Univision’s upfront focused on persuading advertisers to shift 15% of their budget from English-language networks – NBC, ABC, CBS and FOX – to Univision. They presented some impactful data that supported Univision outperforming NBC against the 18-49 demographic on many nights this past year, the increase in overall reach with buying Univision vs. simply the Big Four, and their younger-skewing audience when compared to these networks. Are the Univision and English-language network’s audiences comparable?
How did the Univision presentation relate to those advertisers that consistently spend with Univision and recognize the unique value and differences of the Spanish-speaking Hispanic audience when compared to the general market? I don’t think that simply shifting dollars is the answer for all advertisers. But what really struck me is how few changes were apparent in its programming. Overall, in contrast to its Spanish-language network competitors, it seems to be taking the approach that, as the undisputed market leader, minimal changes to its content is justified by its history of dominance in the market.
Telemundo will launch a new brand image along with new tagline, “Brave New Telemundo,” this coming fall. The tagline will capture the duality of Hispanics who remain connected to their heritage while embracing America, said Jacqueline Hernandez, COO of Telemundo Media.
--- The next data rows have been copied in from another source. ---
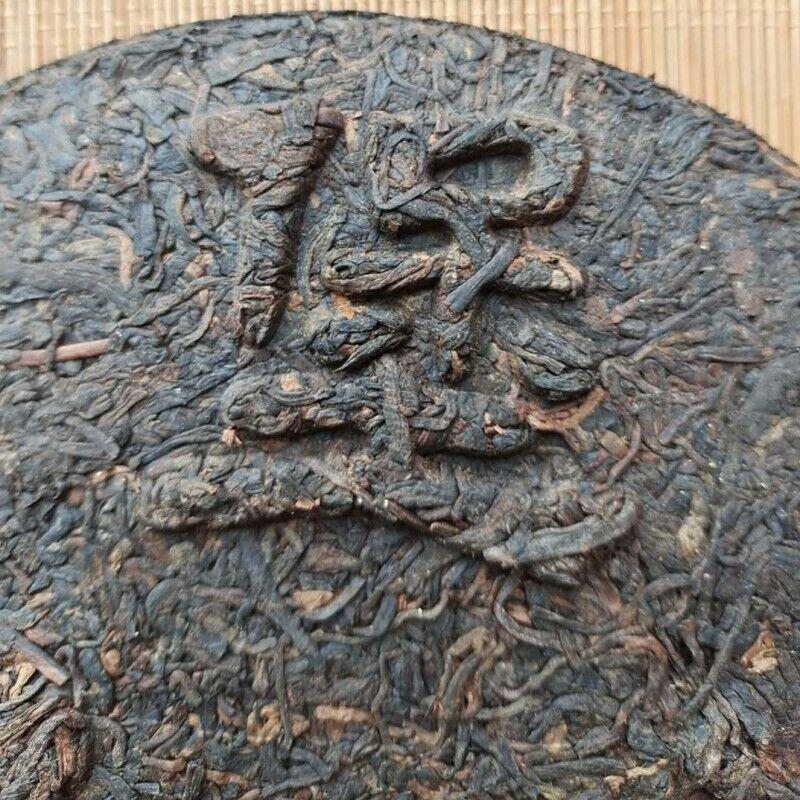 Чай Wuzhou Liu Pao Черный чай Выдержанный темный чай Liubao Tea Cake Liu Bao HEI CHA 500г — фото 5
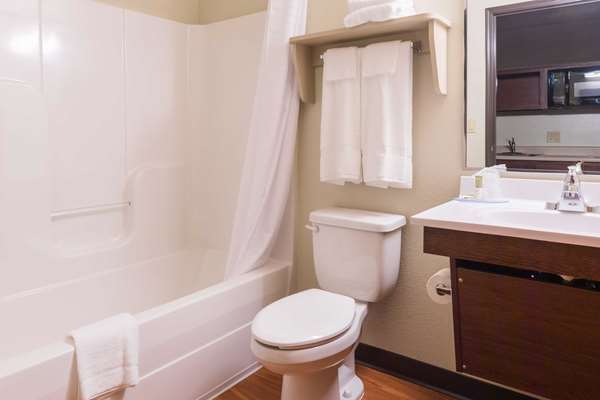  - WoodSpring Suites Lafayette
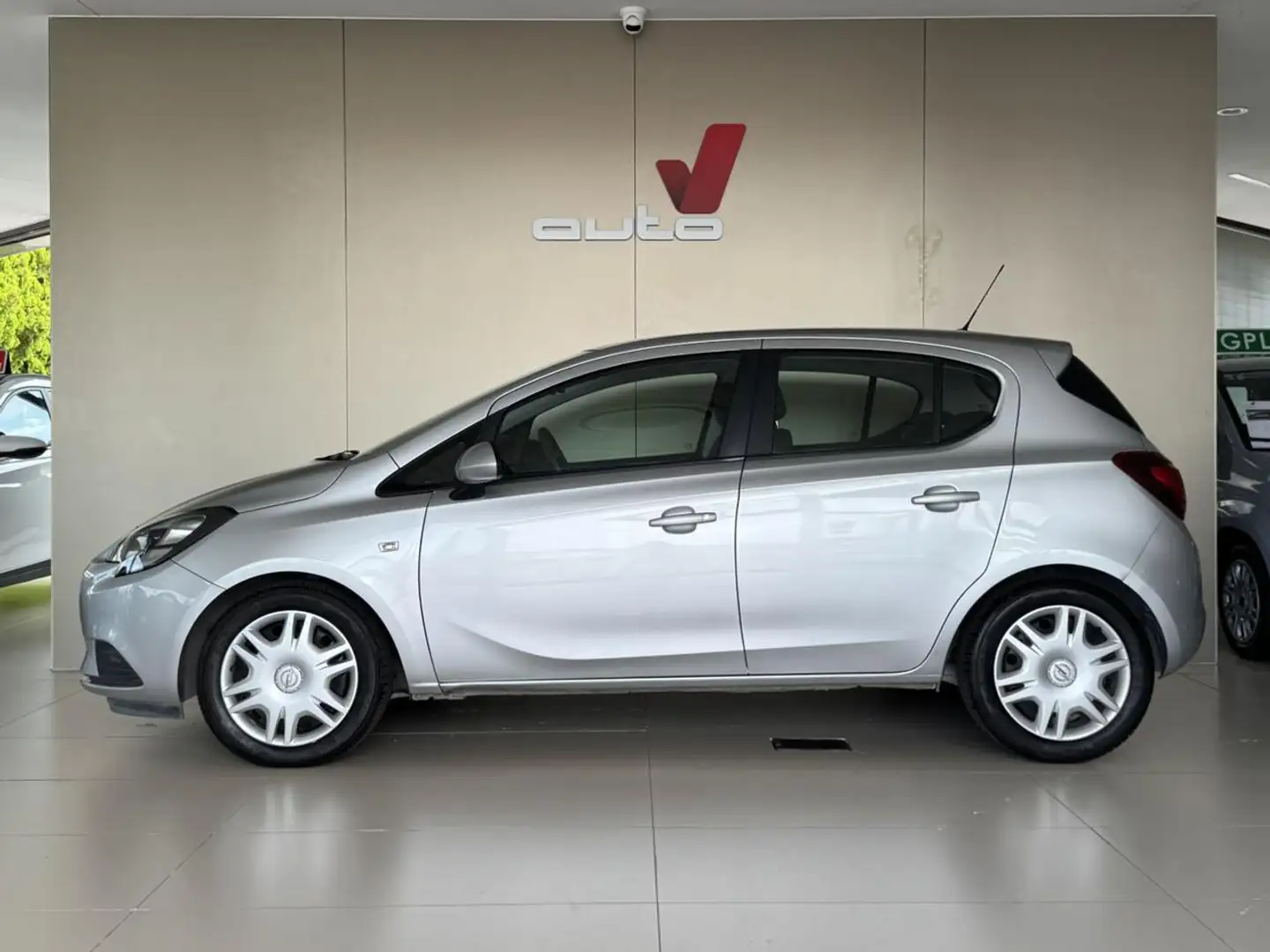 Opel Corsa 1.2 5 porte Advance UNICA PROPRIETARIA Argento - 2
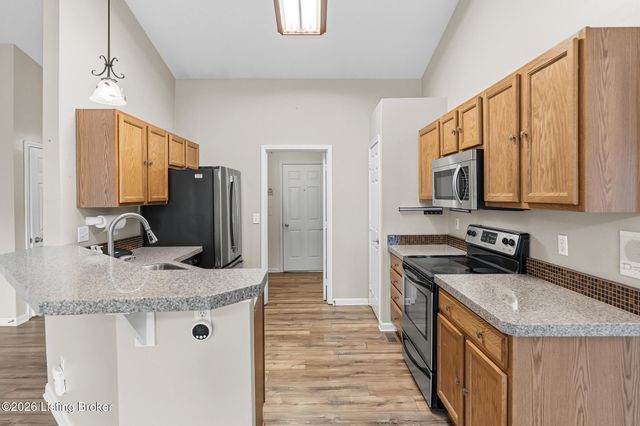 5908 Saddle Blanket Dr, Louisville, KY 40219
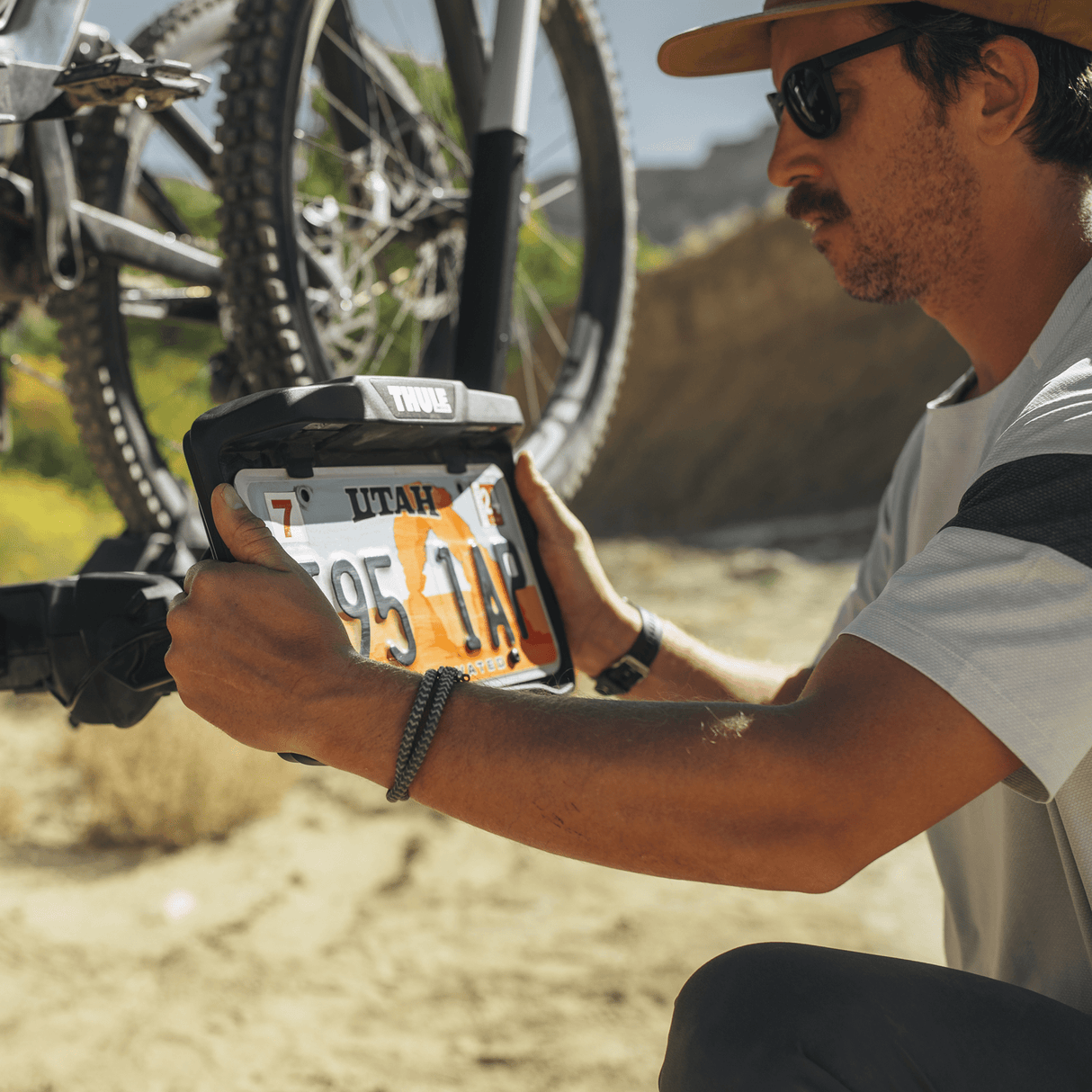 Thule Lights & License Plate Kit Bike Rack Accessories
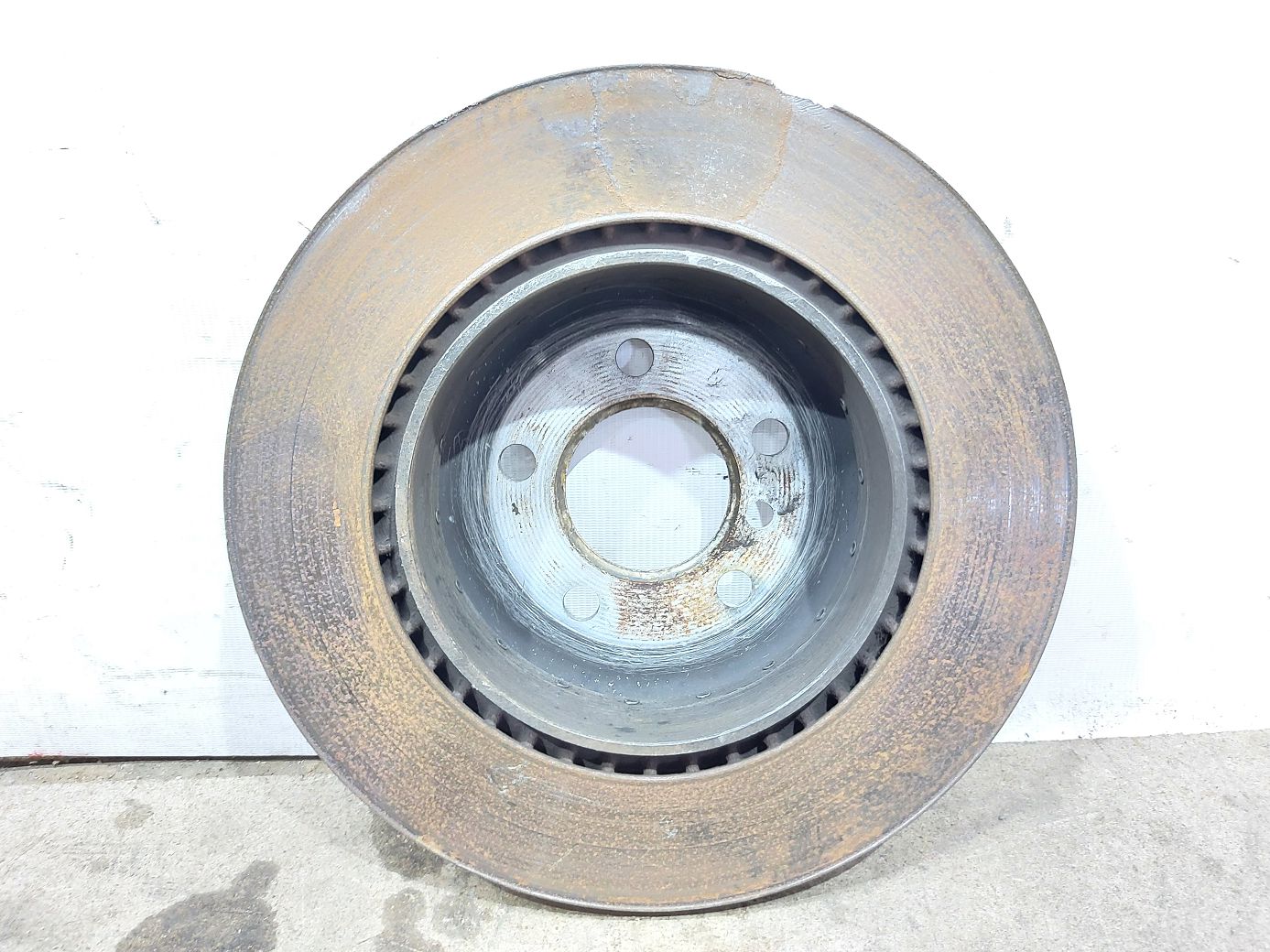 5 series Диск тормозной задний левый/правый BMW 5 series 2011-2016 34216898733 BMW 5 series 18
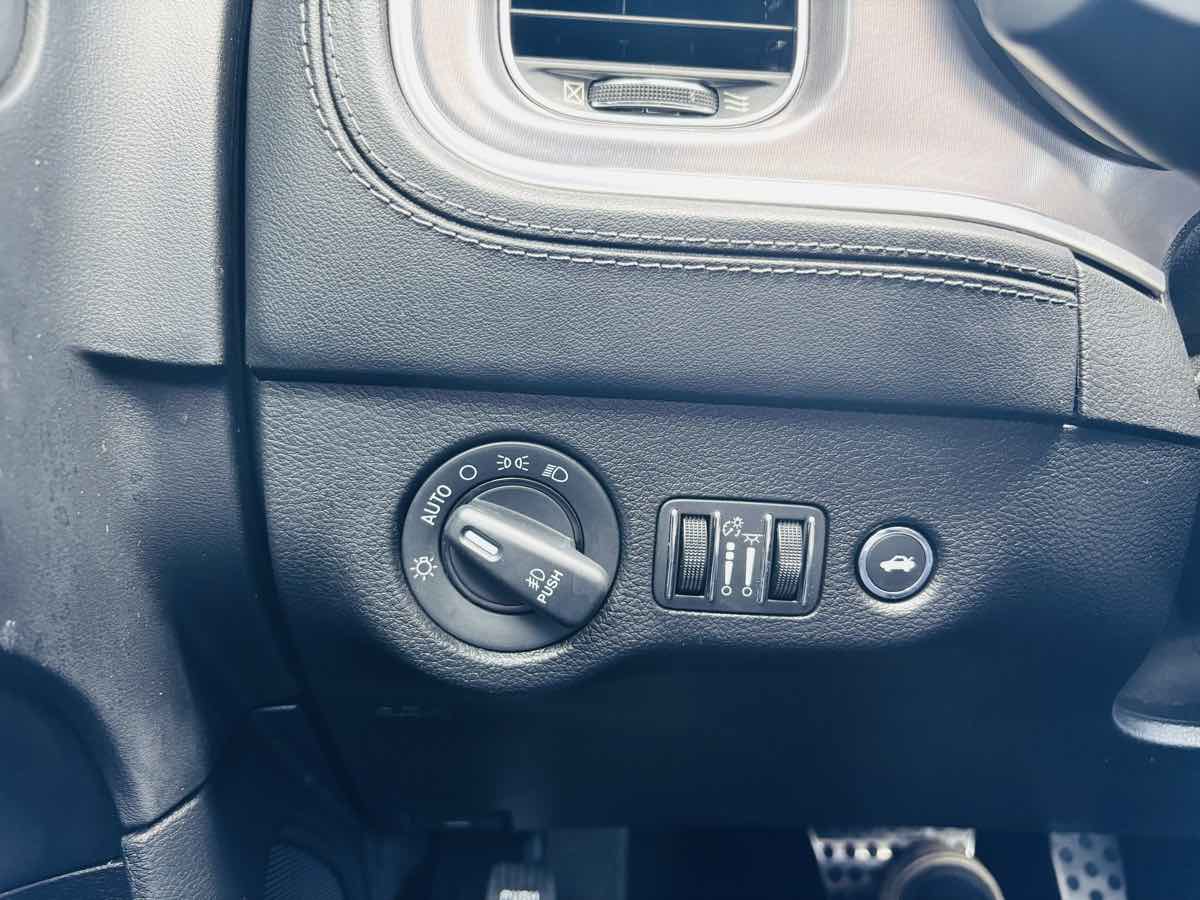 2019 Dodge Charger Scat Pack photo 2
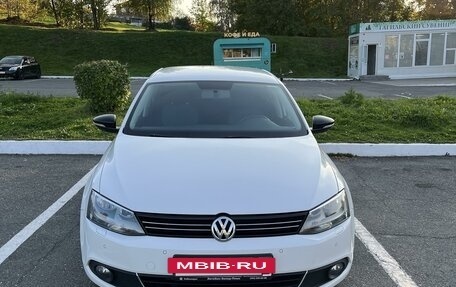 Volkswagen Jetta VI, 2013 год, 1 400 000 рублей, 6 фотография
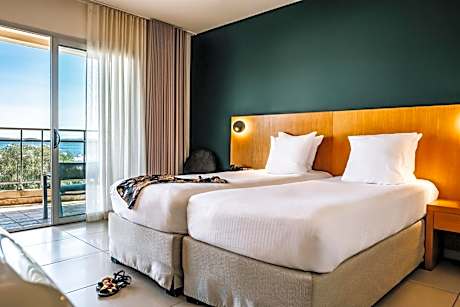 Connecting Family Room (2 adults + 2 children)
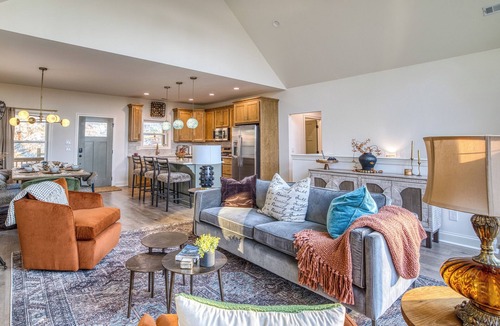 Walnut Mountain House | Hot Tub | Community Pool | Walnut Mountain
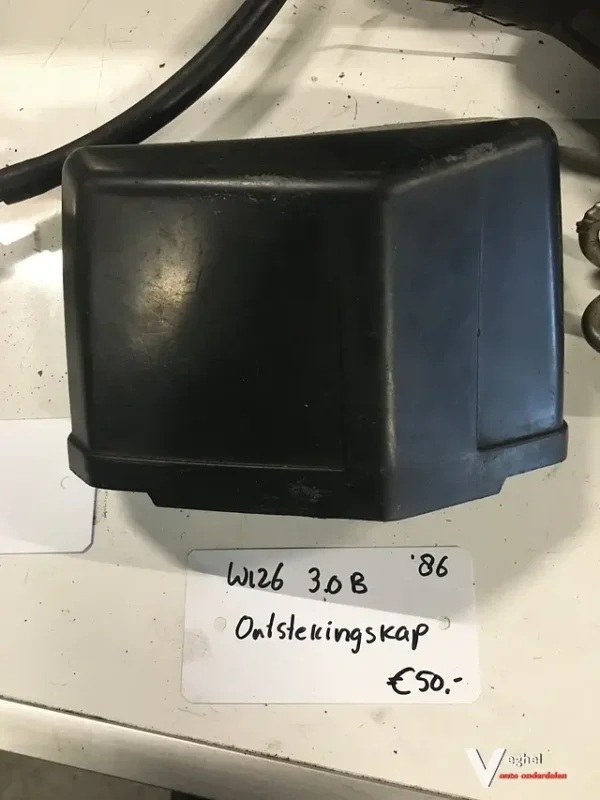 Vedd meg most Mercedes 3.0 benzine Ontstekingskap ontstekingsafdekkap 1986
Aiming for a 40% increase in its original content, 2013 Telemundo’s line-up will offer six new telenovelas, two daytime shows and reality competitions popular not only on English-language networks, but around the world, such as, “Yo Me Llamo” and “La Voz: Ninos”, a kid’s version of NBC’s “The Voice,” and “La Boda de tus Suenos” (an adaptation from an international hit in Netherlands).It has also acquired the rights to the sequel of “La Reina del Sur,” the network’s highest-rated telenovela. As the second-place player among Spanish networks, it is evident that Telemundo has a lot of fight in itself, and seems to be increasing its game in order to compete not only with Univision, but also in anticipation of Mundo Fox’s launch. But will these changes be enough to keep its current audience as well as attract new consumers?
Despite being a new network, Mundo Fox is prepared to launch with a unique lineup of shows and genres which could end up setting the standard for all Hispanic networks. The network has an upbeat, fresh approach to targeting an assimilated American Hispanic target. During the upfront, the common theme pulled Hispanics from all different backgrounds into one community using the slogan, “I am [country of origin], I am American.” The melding of general market and Hispanic market programming will definitely appeal to the new generation of Hispanics.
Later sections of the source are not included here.